● **Problem details**
Write out the lines below exactly, beginning at the one with "2013 Toyota Fortuner" and stopping after the one with "Mercedes-Benz Actros 1845LS"; the pictures are not copied.

● **Information given**
▼

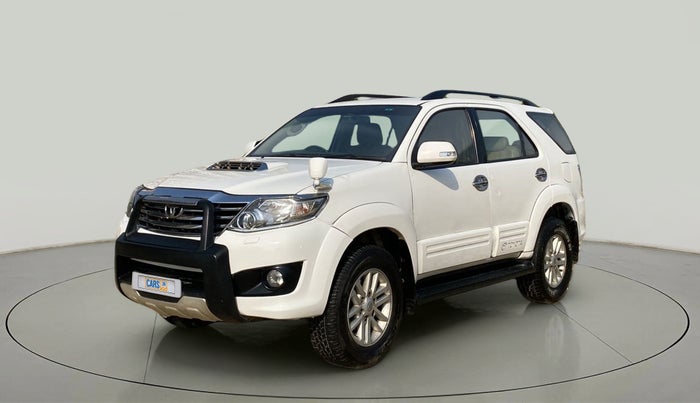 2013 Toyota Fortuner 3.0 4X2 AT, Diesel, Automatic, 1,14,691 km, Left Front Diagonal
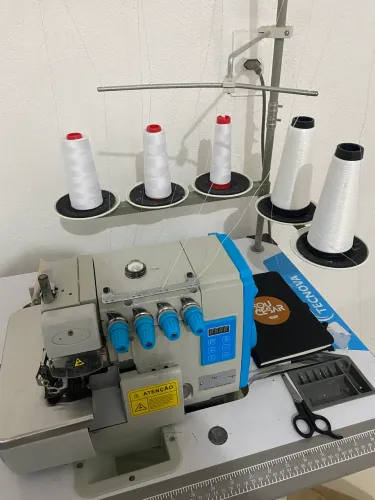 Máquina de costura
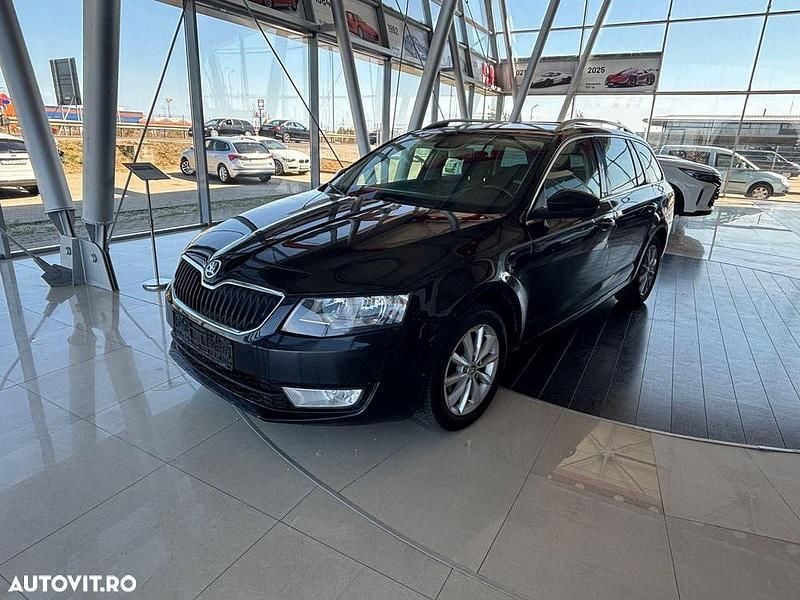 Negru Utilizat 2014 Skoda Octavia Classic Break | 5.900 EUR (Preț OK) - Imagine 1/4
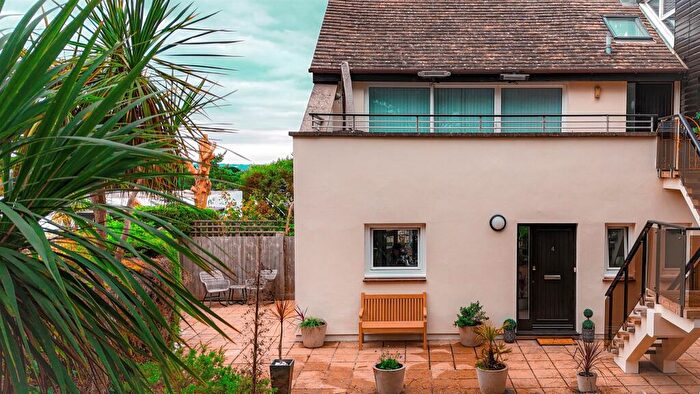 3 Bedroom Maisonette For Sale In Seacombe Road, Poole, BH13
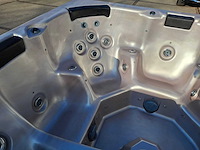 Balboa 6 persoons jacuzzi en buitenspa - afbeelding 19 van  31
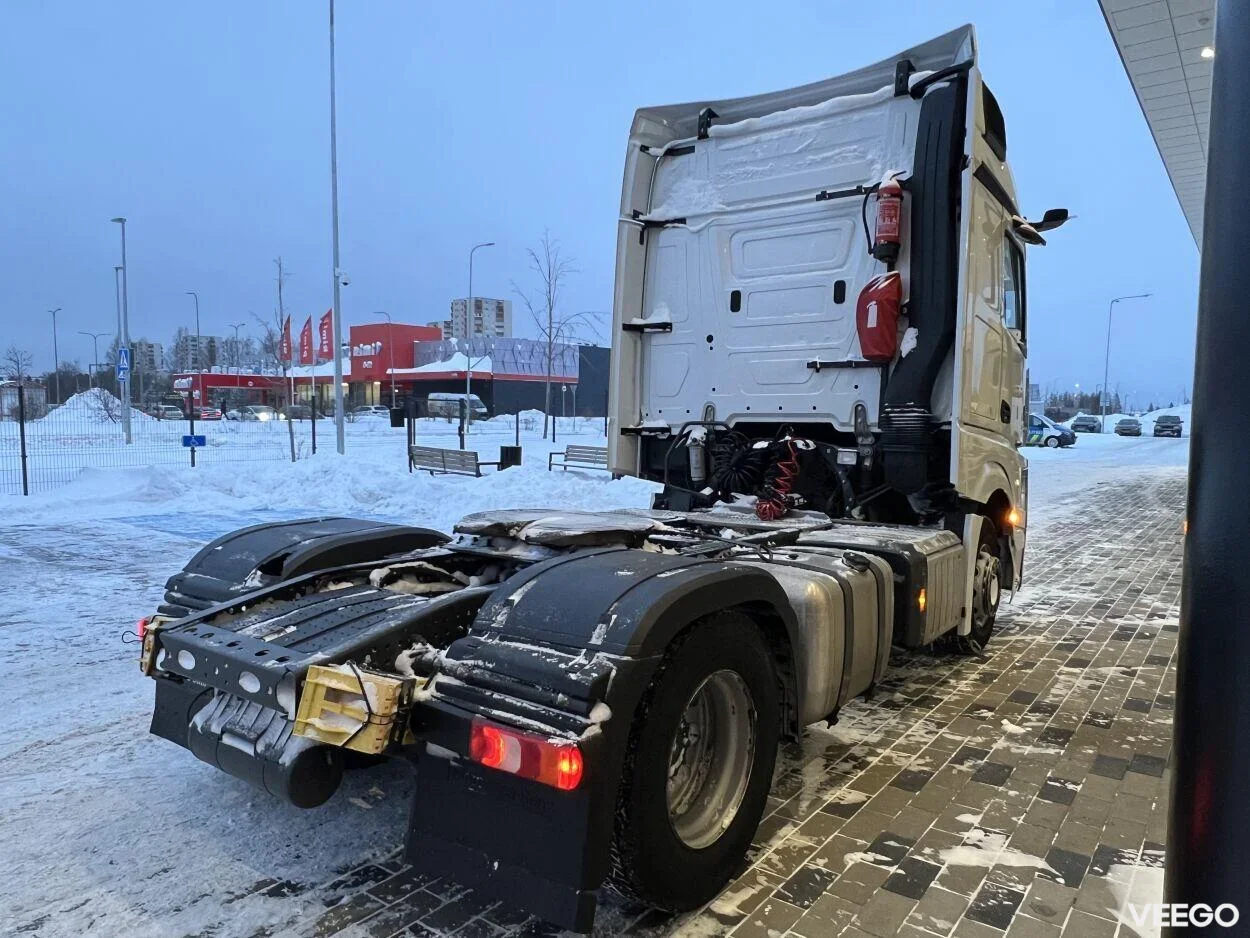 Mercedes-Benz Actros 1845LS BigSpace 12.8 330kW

▲
▼

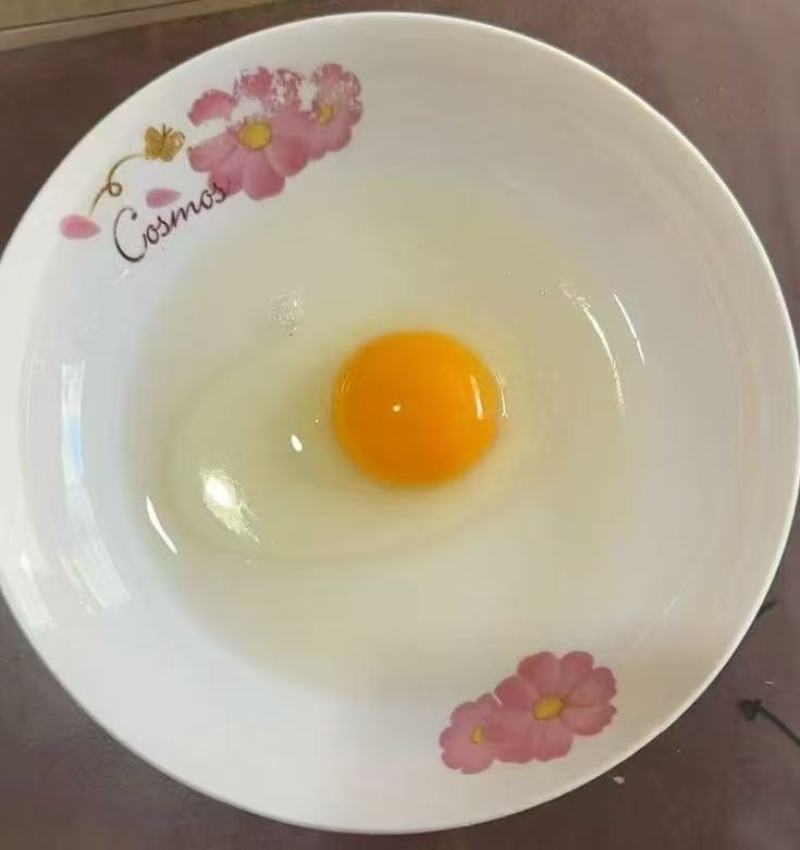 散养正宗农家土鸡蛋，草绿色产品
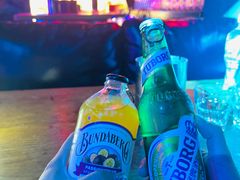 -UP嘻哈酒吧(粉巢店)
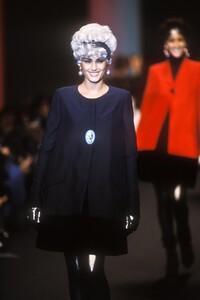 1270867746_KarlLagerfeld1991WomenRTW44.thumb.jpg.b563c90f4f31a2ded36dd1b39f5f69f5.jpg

▲

● **Response**
 2013 Toyota Fortuner 3.0 4X2 AT, Diesel, Automatic, 1,14,691 km, Left Front Diagonal
 Máquina de costura
 Negru Utilizat 2014 Skoda Octavia Classic Break | 5.900 EUR (Preț OK) - Imagine 1/4
 3 Bedroom Maisonette For Sale In Seacombe Road, Poole, BH13
 Balboa 6 persoons jacuzzi en buitenspa - afbeelding 19 van  31
 Mercedes-Benz Actros 1845LS BigSpace 12.8 330kW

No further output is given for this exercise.